The legislation challenged here, Chapter 93-121 of the Laws of
Florida, amended the provisions of Fla.Stats. §§ 11.045 and
112.3215. Those provisions define "Lobbying," "Lobbyist," and
"Principal." As amended, the sections provide that a lobbyist
hired by a principal shall disclose all lobbying expenditures,
whether made by the lobbyist or by the principal, and the source of
funds for all such expenditures. See id. § 11.045(3)(a). In
addition, the statute requires disclosure of expenditures by
category, and provides a non-exclusive list of categories: "food
and beverages, entertainment, research, communication, media
advertising, publications, travel, and lodging." Id. Furthermore,
the Florida legislature has provided for an administrative
procedure, so that persons in doubt about the precise operation of
the statute may, in writing, seek clarification of the intended
reach of the statutes. Id. § 11.045(4). As noted, the statute
also precludes would-be lobbyists from exchanging their services
for an award contingent on legislative outcome. See id. § 11.047.
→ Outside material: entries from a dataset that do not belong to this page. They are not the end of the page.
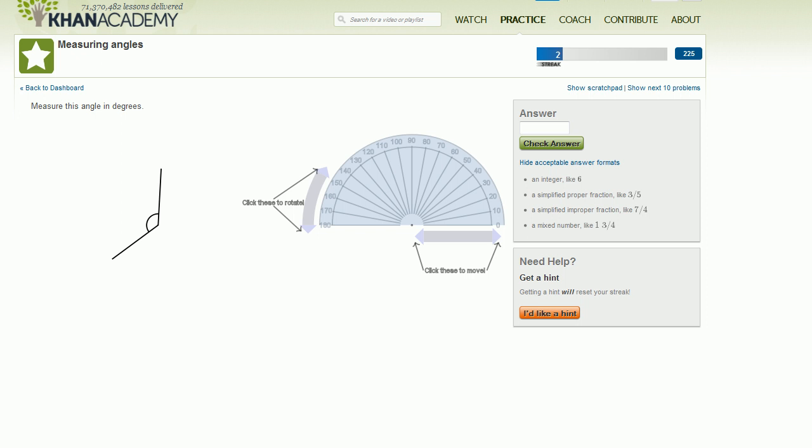This is a video for the Measuring Angles module because clearly at the time that I'm doing this video, there is no video for the Measuring Angles module. And this is a pretty neat module. This was made by Omar Rizwan, one of our amazing high school interns that we had this past summer, the summer of 2011.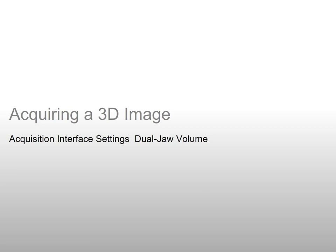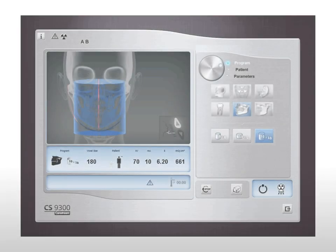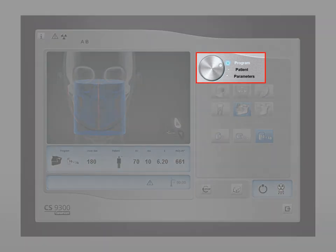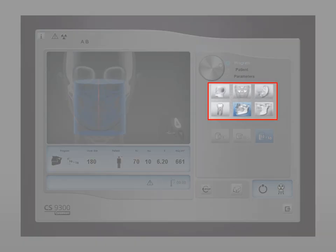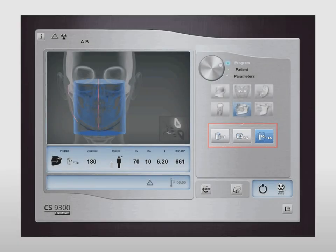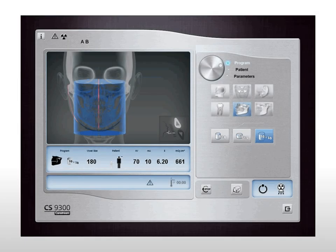Acquiring a 3D image: acquisition interface settings for a dual jaw volume. Use the program button to select examination options. In the 3D acquisition window, click the program button to access the program pane, select the desired radiological exam, and select the image size and quality. See the CS9300 user's guide for an explanation of all radiological exam options. In this example, we will demonstrate acquisition of a dual jaw volume.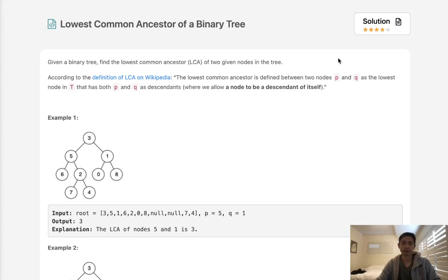Welcome to June's LeetCode Challenge. Today's problem is lowest common ancestor of a binary tree. Given a binary tree, find the lowest common ancestor of two given nodes in the tree.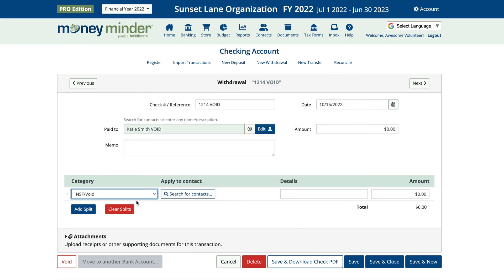They prove that the check was not simply misplaced or stolen. One final note: if the check you need to void was written in the prior financial year and you're trying to void it in the current or following financial year, there's a different course you need to take. Check out our instructions on voiding stale checks by clicking the link in the description below.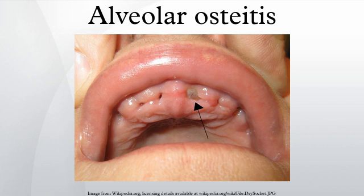Alveolar osteitis is inflammation of the alveolar bone. Classically, this occurs as a post-operative complication of tooth extraction. Alveolar osteitis usually occurs where the blood clot fails to form or is lost from the socket. This leaves an empty socket where bone is exposed to the oral cavity, causing a localized alveolar osteitis limited to the lamina dura. This specific type is also known as dry socket, or less commonly fibrinolytic alveolitis, and is associated with increased pain and delayed healing time.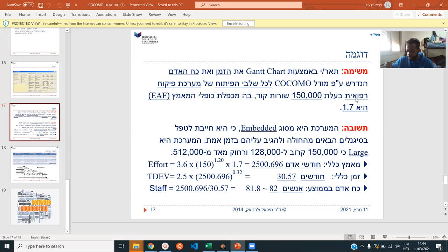For each stage of development, show how many people and how much time you need to do this project. It's going to be a system for medical observation — some kind of medical supervision system. Like, you have a patient in a bed and it's checking all his vital signs, observing and maybe telling the nurse that he needs more vitamins. We're given 150,000 lines of code — that's 150 KLOC. And we're given the EAF, which is 1.7.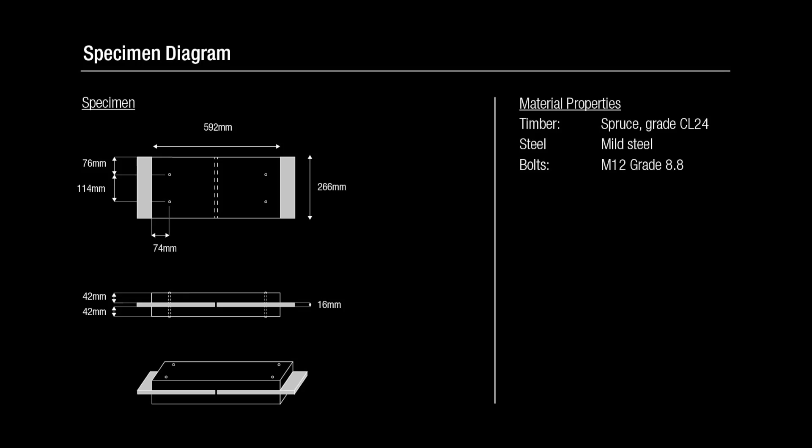The timber used in the test is spruce class CL24 while mild steel is employed for the plates.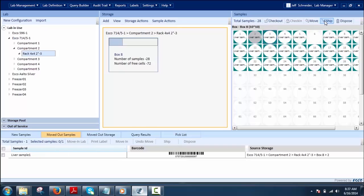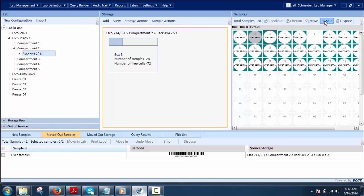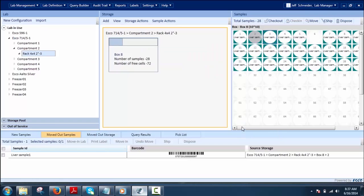Ship allows the user to send samples from the lab to other places for testing or other purposes by using the Ship option. This can be done on single or multiple sample selections.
The League does not argue that the statute has been
unconstitutionally applied to penalize its members. And, from the
record, nothing indicates that any member of the League has
requested an advisory opinion as provided for in the statute. The
only contentions are that the statute is overbroad and, therefore,
facially invalid in its disclosure provisions and that the
contingency-fee ban is unconstitutional in the light of recent
Supreme Court precedent. After the parties proffered extensive
documentary evidence, the district court granted summary judgment
in favor of the state.
II.
If the League is correct that the greater number of this
statute's applications are unconstitutional, then its members face
an unattractive set of options if they are barred from bringing a
facial challenge: refrain from engaging in protected First
Amendment activity or risk civil sanction for alleged unethical
conduct. Therefore, this action is ripe; and the League has
standing to bring it, even though it makes no allegation that its
members have actually been sanctioned. See generally Abbott Lab.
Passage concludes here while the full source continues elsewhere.